Another thing that happened in 1984 was that Tweedy and Jay Farrar and Mike Heidorn, another guy who went to their high school, started a band called Uncle Tupelo. They meant for it to be a punk band and were hoping it would sound like Dinosaur Jr. or maybe how the Sex Pistols would have sounded if they'd grown up in the Nowhere that was Belleville, Ill. But they didn't sound like the Sex Pistols or Dinosaur Jr. They sounded like a bunch of hicks; they got twangy in their voices and in their instruments' heavier strings.

Maybe it was their parents' records, all that countrypolitan pop, those Marty Robbins gunfighter ballads and trail songs, Miz Loretta singing about the pill and being stuck in Topeka, and the Eagles stabbing beasts with their steely knives.

Or blame it on an accident of birth, the fact they were small-town, small-time kids who thought it would be funny to cover the Stooges' "I Wanna Be Your Dog" with Jethro Bodine accents.

Before you know it they got credit for doing something they didn't do, which was invent alt-country. Uncle Tupelo was a mighty good band by the time it started releasing records, but probably not as great as it seems in retrospect, which is mostly the way it has been heard.

Uncle Tupelo was not as good as Wilco. It probably wasn't as good as Son Volt. UT didn't start alt-country any more than Elvis Costello started it when he released "Almost Blue" (produced by Nashville hack Billy Sherrill) in 1977. Better to credit Emmylou Harris or Gram Parsons, or the Byrds' "Sweetheart of the Rodeo" or even Elvis Presley. But looking for the roots of roots music is as dull as it is useless.

Rock 'n' roll differs from country music primarily in that while country targets an adult audience, rock is for the kids.

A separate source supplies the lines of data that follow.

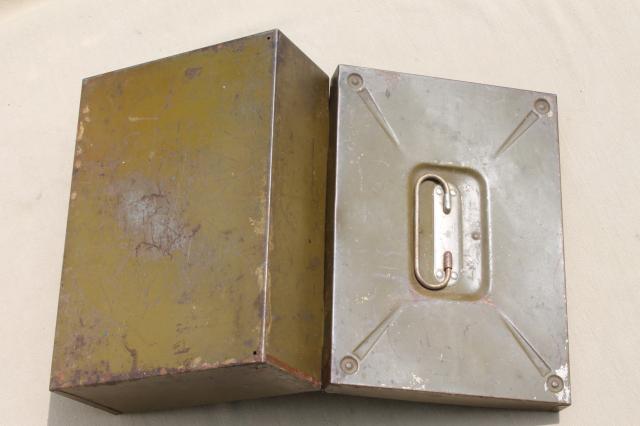 photo of stack of authentic vintage metal boxes, lock box money boxes & document boxes #10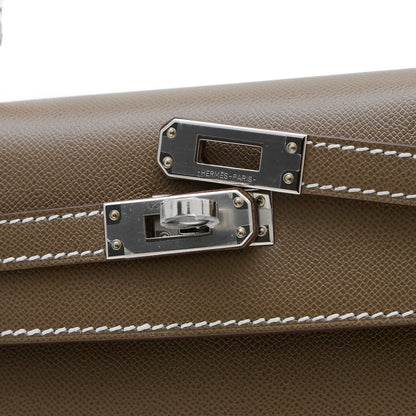 ケリー25 ヴェルソ 外縫い ヴォーマダム エトゥープ/バンブー シルバー金具 W刻印 ハンドバッグ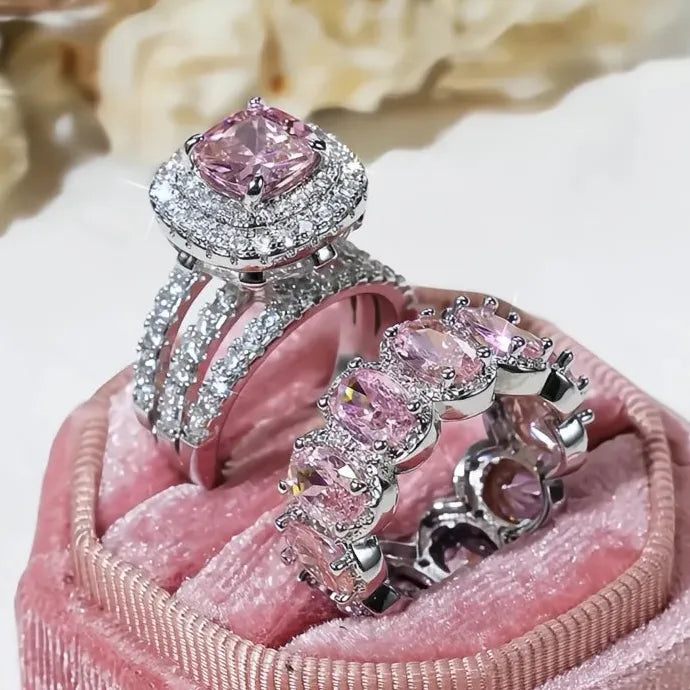 2Pcs Women’s Wedding Rings Set Brass Cubic Zirconia Geometric Bridal Jewelry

We could even argue that rock 'n' roll is less a musical genre than an attitude. But rock was a byproduct of America's post-war invention of the teenager as a consumer demographic. Rock 'n' roll was created so that kids would have something to spend their allowances on.

So from the moment that rock 'n' roll started nudging toward an adult audience, before Bob Dylan decided to take it all so seriously, you had the beginning of what some of us now call alt-country — rock music, big beat, simple-to-play pop music for adults. The rules are there are no rules, you can pull from whatever influenced you, you can steal and re-invent and work the personal until it becomes universal.

If you're the kind of person who reads essays about rock 'n' roll records, you come back to the artists you believe genuinely care about the things they're singing about — not just their careers. And you have to trust a band that, like Uncle Tupelo, could reach back to an old Carter Family song like "No Depression" and turn it into something like a movement. You've got to trust a band like Wilco who can put out a record like "Yankee Hotel Foxtrot."

You've got to wonder why you care about stuff like this, but the only real answer is that it moves you — probably because you're as much a part of it as it is a part of you, and you can nod in agreement as Tweedy, on another song called "Heavy Metal Drummer" drops into that soft Kinksy voice again, and murmurs:

  • I miss the innocence I've known
  • Playing KISS covers, beautiful and stoned

At the time, it felt like an evocation of nostalgia. Now it feels like a benediction. Innocence is only noted in its absence.